The biggest savings and loan in the country, and one of the leading businesses in the Northwest, Washington Mutual, has been seized and decomposed.

The company doesn’t even mention the development on its news release page. But what happened is that federal regulators with the Federal Deposit Insurance Corporation today seized ownership, and sold most of it to JP Morgan Chase. A press release from the latter says:

JPMorgan Chase & Co. (NYSE: JPM) tonight announced it has
acquired all deposits, assets and certain liabilities of Washington Mutual’s banking operations from the Federal Deposit Insurance Corporation (FDIC), effective immediately. Excluded from the transaction are the senior unsecured debt, subordinated debt, and preferred stock of Washington Mutual’s banks. JPMorgan Chase will not be acquiring any assets or liabilities of the banks’ parent holding company (WM) or the holding company’s non-bank subsidiaries. As part of this transaction, JPMorgan Chase will make a payment of approximately $1.9 billion to the FDIC.

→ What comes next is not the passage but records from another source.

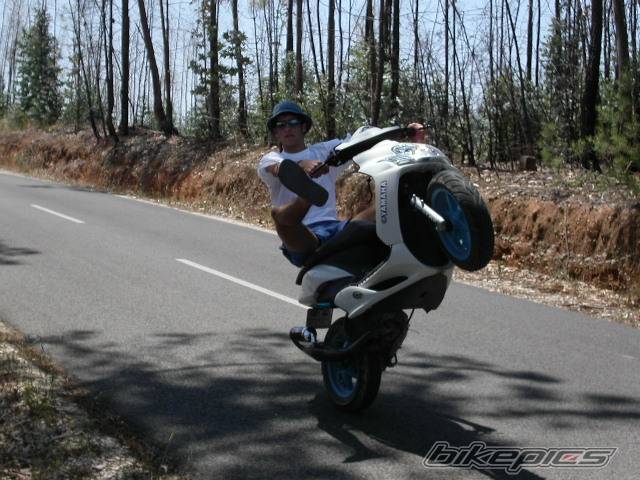 Photo 297187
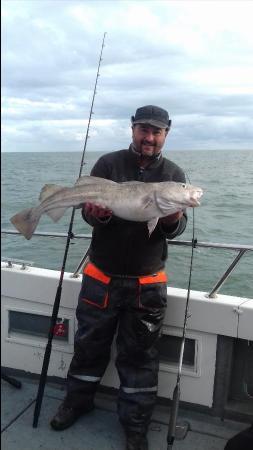 13 lb Cod by Phil Jones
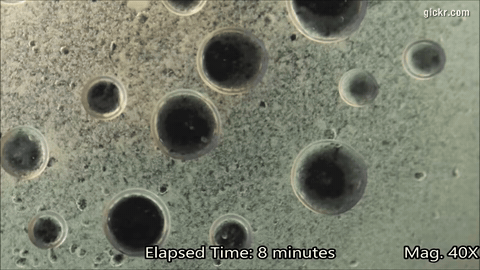 Animated GIF made with Gickr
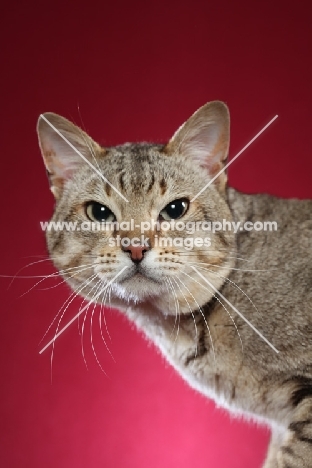 Australian Mist cat on claret background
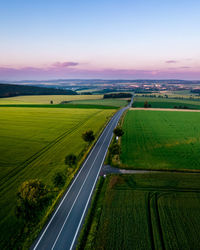 Road to the city among the fields, lined with trees, summer, czech republic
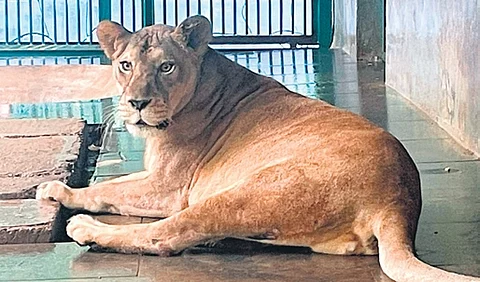 Lioness Gracy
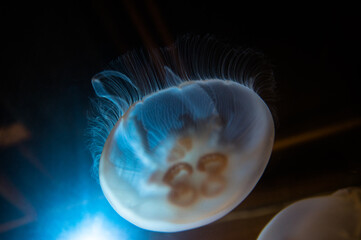 Oceanlife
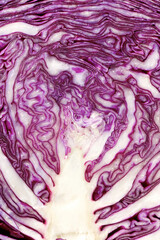 Red cabbage close up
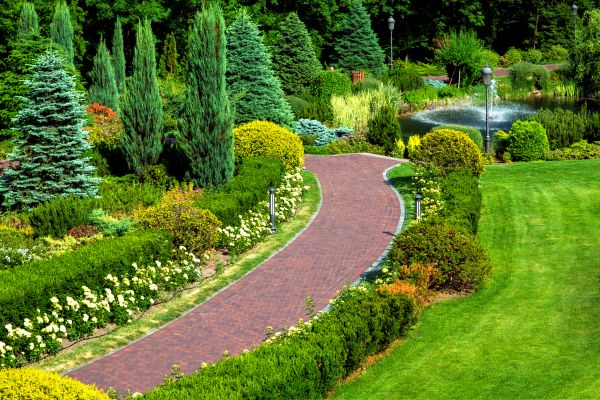 Arborvitae Planting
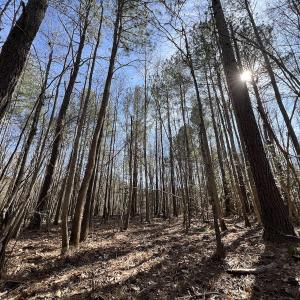 Photo #65 of SOLD property in 657 Collins Mill Rd, Castalia, NC 104.8 acres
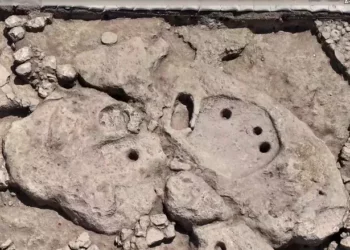 Dans le nord d’Israël, des archéologues découvrent le plus ancien pressoir à vin
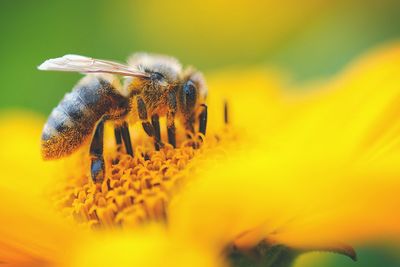 Extreme close up of insect on flower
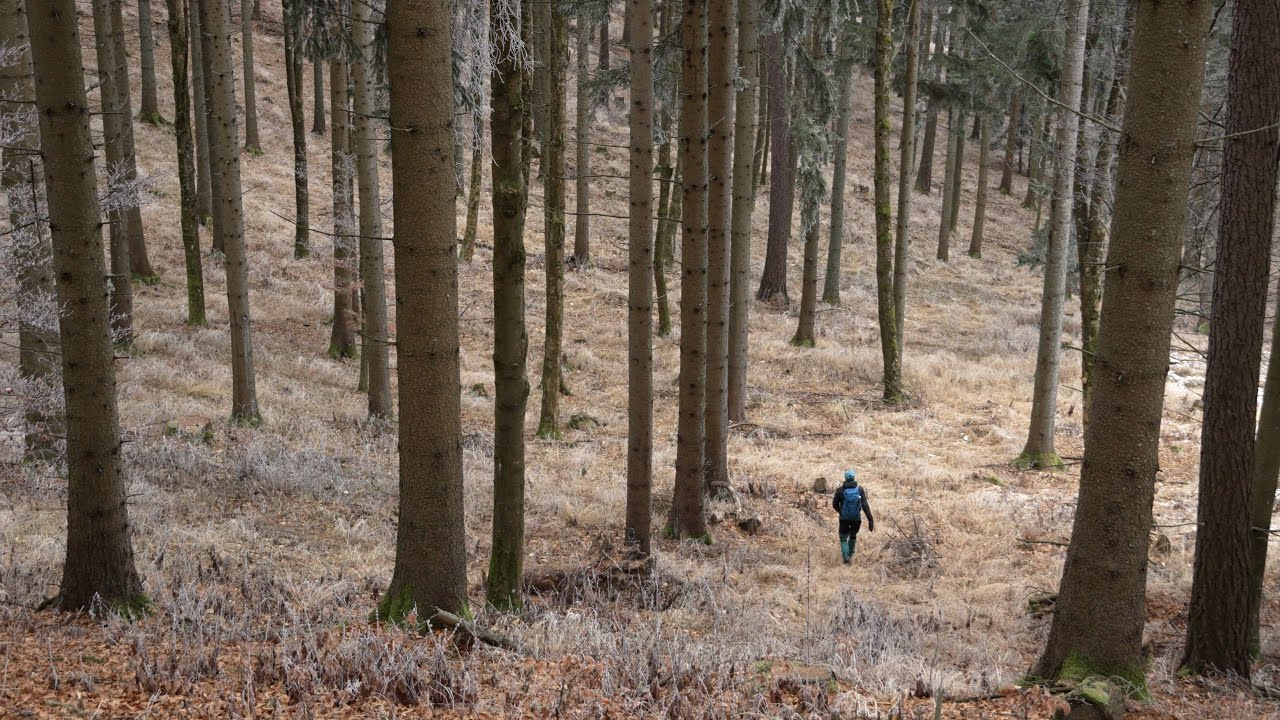 Stille Waldwanderung im Winter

The acquisition expands Chase’s consumer branch network into the attractive states of California, Florida and Washington State and creates the nation’s second-largest branch network – with locations reaching 42% of the U.S. population. The combined 5,400 branches in 23 states will also serve as an excellent base to extend the reach of the business banking, commercial banking, credit card, consumer lending and wealth management businesses. The acquisition also extends Chase’s retail branch network to additional states, including Georgia, Idaho, Nevada and Oregon.

Oh joy – another corporate buyout of a formerly Northwest-based business. How do you suppose the customer, employee and community-relations components of this one will play out? Along the lines, perhaps, of those previous?